Model name Model Base Class Description
QuartzNet15x5Base-En EncDecCTCModel QuartzNet15x5 model trained on six datasets: LibriSpeech, Mozilla Common Voice (validated clips from en_1488h_2019-12-10), WSJ, Fisher, Switchboard, and NSC Singapore English. It was trained with Apex/Amp optimization level O1 for 600 epochs. The model achieves a WER of 3.79% on LibriSpeech dev-clean, and a WER of 10.05% on dev-other.
QuartzNet15x5Base-Zh EncDecCTCModel QuartzNet15x5 model trained on ai-shell2 Mandarin Chinese dataset.
QuartzNet5x5LS-En EncDecCTCModel QuartzNet5x5 model trained on LibriSpeech dataset only. The model achieves a WER of 5.37% on LibriSpeech dev-clean, and a WER of 15.69% on dev-other.
QuartzNet15x5NR-En EncDecCTCModel Quartznet15x5 model trained for presence of noise. The base model QuartzNet15x5Base-En was finetuned with RIR and noise augmentation to make it more robust to noise. This model should be preferred for noisy speech transcription. This model achieves a WER of 3.96% on LibriSpeech dev-clean and a WER of 10.14% on dev-other.
Jasper10x5Dr-En EncDecCTCModel JasperNet10x5Dr model trained on six datasets: LibriSpeech, Mozilla Common Voice (validated clips from en_1488h_2019-12-10), WSJ, Fisher, Switchboard, and NSC Singapore English. It was trained with Apex/Amp optimization level O1. The model achieves a WER of 3.37% on LibriSpeech dev-clean, 9.81% on dev-other.
ContextNet-192-WPE-1024-8x-Stride EncDecCTCModelBPE ContextNet initial implementation model trained on the Librispeech corpus and achieves a WER of 10.09% on test-other and 10.11% on dev-other.
MatchboxNet-3x1x64-v1 EncDecClassificationModel MatchboxNet model trained on Google Speech Commands dataset (v1, 30 classes) which obtains 97.32% accuracy on test set.

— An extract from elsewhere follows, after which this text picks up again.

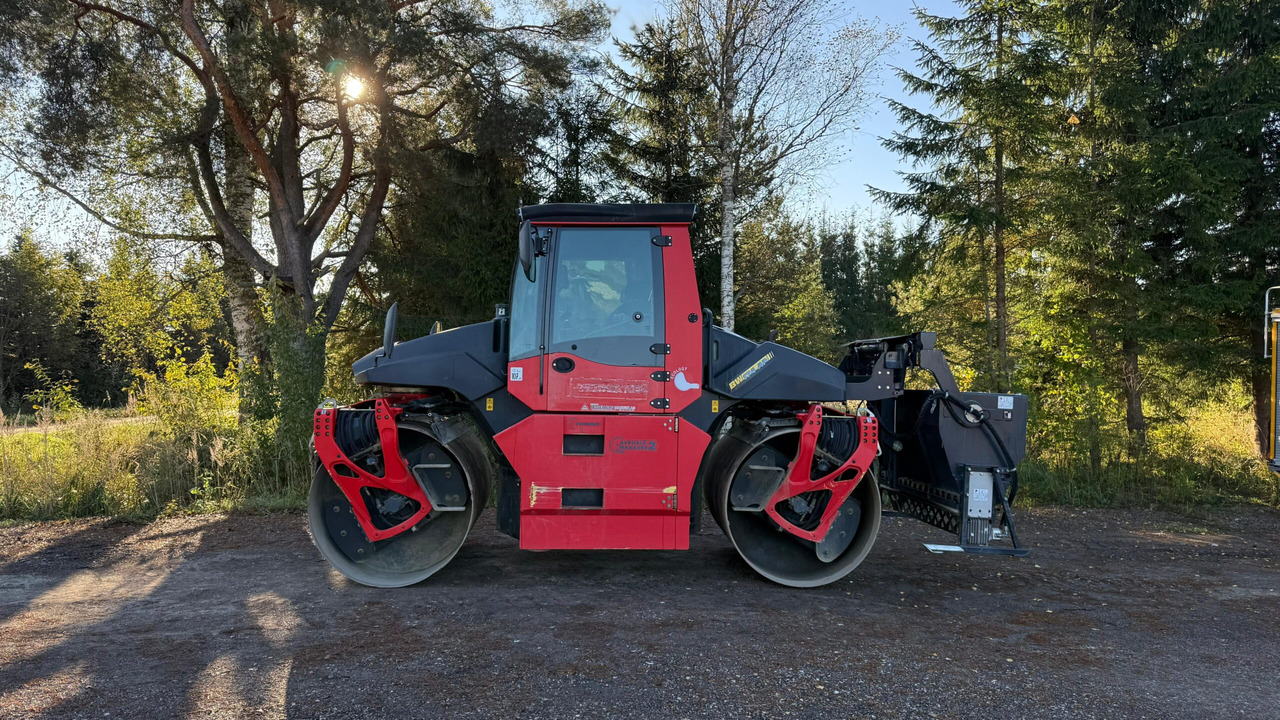 BOMAG BW 174 AP-41 AM - Valjak za puteve: slika 2 BOMAG BW 174 AP-41 AM - Valjak za puteve: slika 2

MatchboxNet-3x2x64-v1 EncDecClassificationModel MatchboxNet model trained on Google Speech Commands dataset (v1, 30 classes) which obtains 97.68% accuracy on test set.
MatchboxNet-3x1x64-v2 EncDecClassificationModel MatchboxNet model trained on Google Speech Commands dataset (v2, 35 classes) which obtains 97.12% accuracy on test set.
MatchboxNet-3x1x64-v2 EncDecClassificationModel MatchboxNet model trained on Google Speech Commands dataset (v2, 30 classes) which obtains 97.29% accuracy on test set.
MatchboxNet-3x1x64-v2-subset-task EncDecClassificationModel MatchboxNet model trained on Google Speech Commands dataset (v2, 10+2 classes) which obtains 98.2% accuracy on test set.
MatchboxNet-3x2x64-v2-subset-task EncDecClassificationModel MatchboxNet model trained on Google Speech Commands dataset (v2, 10+2 classes) which obtains 98.4% accuracy on test set.
MatchboxNet-VAD-3x2 EncDecClassificationModel Voice Activity Detection MatchboxNet model trained on google speech command (v2) and freesound background data, which obtains 0.992 accuracy on testset from same source and 0.852 TPR for FPR=0.315 on testset (ALL) of AVA movie data
SpeakerNet_recognition EncDecSpeakerLabelModel SpeakerNet_recognition model trained end-to-end for speaker recognition purposes with cross_entropy loss. It was trained on voxceleb 1, voxceleb 2 dev datasets and augmented with musan music and noise. Speaker Recognition model achieves 2.65% EER on voxceleb-O cleaned trial file"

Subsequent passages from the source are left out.